**SOURCE INFORMATION:**
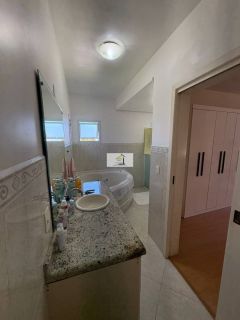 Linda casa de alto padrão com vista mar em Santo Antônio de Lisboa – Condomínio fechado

---

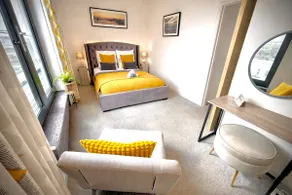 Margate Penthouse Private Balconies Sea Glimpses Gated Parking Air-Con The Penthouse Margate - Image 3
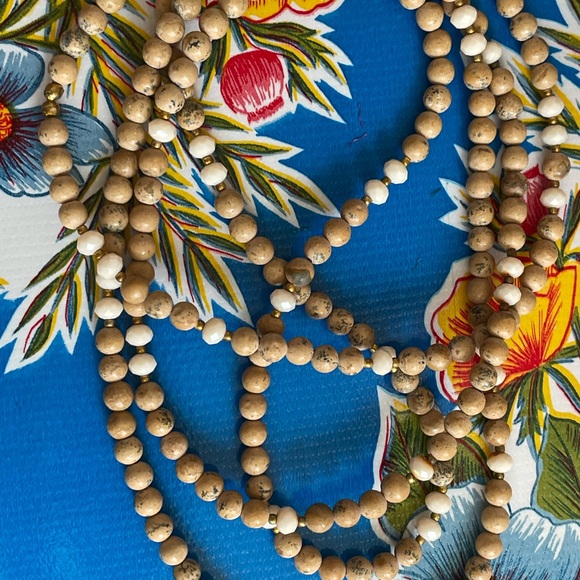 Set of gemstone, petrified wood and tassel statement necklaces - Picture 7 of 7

**TASK DIRECTIONS:**
Write out exactly the run of lines above that starts at the line containing "Margate Penthouse Private" and ends at the line containing "Set of gemstone, petrified". Include both, and leave the pictures out.

**SOLUTION TO THIS EXERCISE:**
 Margate Penthouse Private Balconies Sea Glimpses Gated Parking Air-Con The Penthouse Margate - Image 3
 Set of gemstone, petrified wood and tassel statement necklaces - Picture 7 of 7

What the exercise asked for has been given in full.